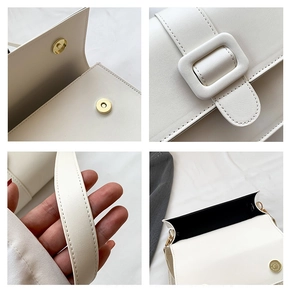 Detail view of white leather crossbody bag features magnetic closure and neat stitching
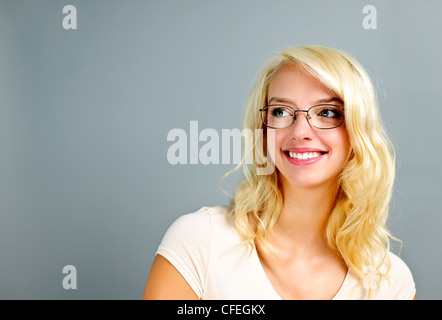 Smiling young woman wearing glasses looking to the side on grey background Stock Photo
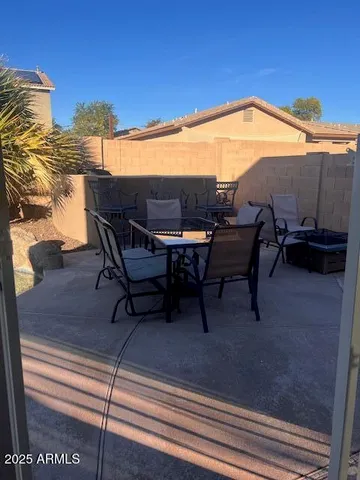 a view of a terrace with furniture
========================================
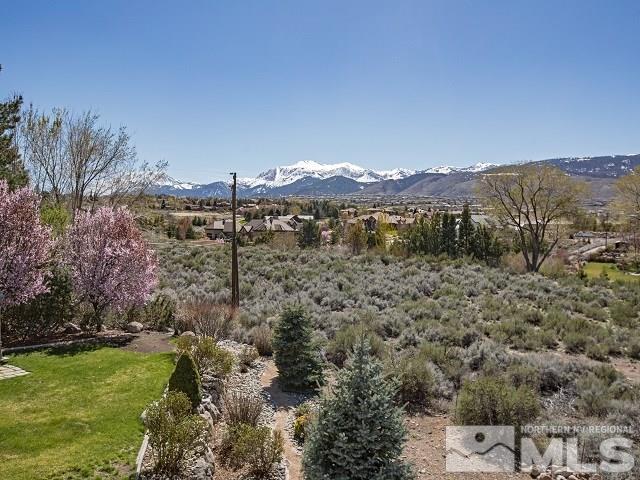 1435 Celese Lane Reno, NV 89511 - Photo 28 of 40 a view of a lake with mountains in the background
========================================
Take the lines above starting at the one containing "Smiling young woman" and ending at the one containing "a view of a terrace with furniture", and print them again exactly, without pictures.

Reply to the task —
 Smiling young woman wearing glasses looking to the side on grey background Stock Photo
 a view of a terrace with furniture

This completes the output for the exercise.